Though Crises have become a core component of modern-day television adaptations of DC’s comics, there was a point in time where DC and Warner Bros. felt that characters like the Flash could only shine in bright, generally hopeful series like CBS’ The Flash from the ‘90s.
Danny Bilson and Paul De Meo’s The Flash — starring John Wesley Shipp, Amanda Pays, and Alex Désert — ended up being a series that embraced and celebrated elements of Barry Allen’s character that defined him in DC’s classic comics. It was something that made it very satisfying to see Shipp, who portrayed Barry, eventually incorporated into the modern-day Arrowverse in a variety of capacities.
But in a recent interview with Den of Geek, Bilson explained that when he and De Meo were initially conceptualizing a series to pitch to CBS, their vision skewed more toward a tone and story that feels much more a part of the darker sorts of comic book shows and movies studios are putting out these days.
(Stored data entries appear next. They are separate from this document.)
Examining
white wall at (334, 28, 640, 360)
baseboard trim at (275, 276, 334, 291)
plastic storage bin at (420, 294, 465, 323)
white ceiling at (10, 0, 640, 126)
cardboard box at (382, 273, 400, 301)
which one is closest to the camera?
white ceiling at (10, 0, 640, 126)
The series, Unlimited Powers, would have featured Barry, a grizzled ex-con freshly out of jail, teaming up with a curious assortment of other DC characters like Doctor Occult and Blok, and more well-established heroes like Oliver Queen and Wally West, to take on evil in a world where caped vigilantism is illegal.
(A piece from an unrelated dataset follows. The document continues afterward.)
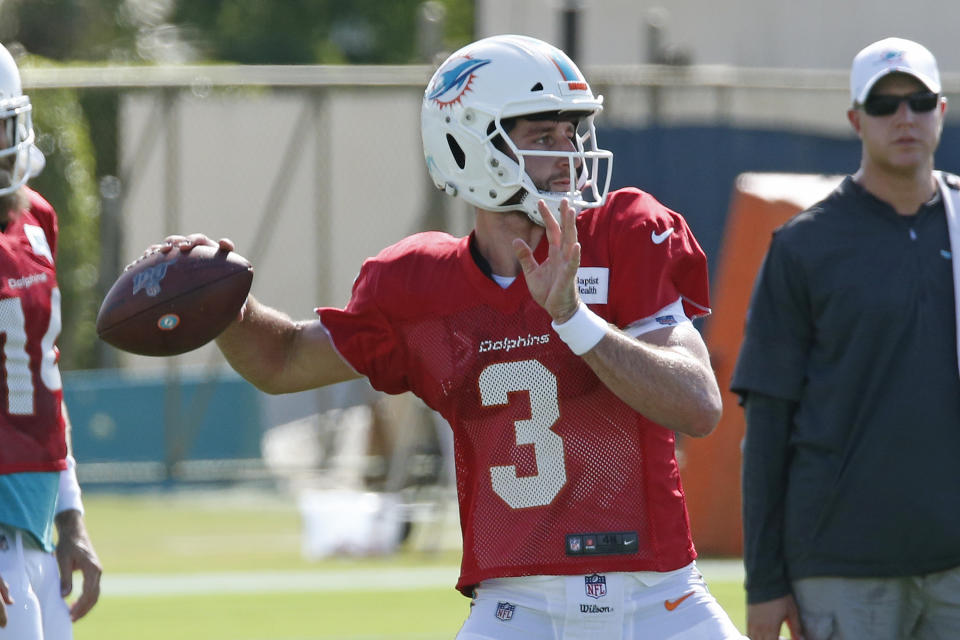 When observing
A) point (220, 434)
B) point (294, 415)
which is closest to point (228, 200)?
point (294, 415)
Bilson said that the tone of Unlimited Superpowers was drawn from the kinds of ‘80s comics that have gone on to become iconic since their initial publishing, and the goal was always to create a series that was every bit as appealing to younger to comics readers as it could be to an adult audience.
“Watchmen, Dark Knight Returns, American Flagg!, and The Rocketeer were our favourites,” Bilson said. “So when we were adapting comic stuff at Warner Brothers, when it came around for us to do something, our sensibility was in those books and in the direction that Tim Burton had taken the Michael Keaton Batman movie in 1989.”
Beyond simply going for what might be considered a grittier tone compared to other comic book shows that came before it, Unlimited Powers would have explored what it meant to live in a dystopian, fascistic society controlled by supervillains and criminals. It would have been the sort of reality that comic book readers were accustomed to seeing heroes like the Flash deal with during one crisis or another, but it would have been a novel setting for a weekly cape show that pushed you to consider what happens when heroes can’t simply save the day after every hour-long story.
It’s interesting to consider what the Arrowverse might have ended up looking like had Unlimited Powers ever come to fruition. One never knows whether the concept’s fully lost to history, though, as the CW’s shown in the past that it isn’t afraid to dig into the past in order to make its future more interesting.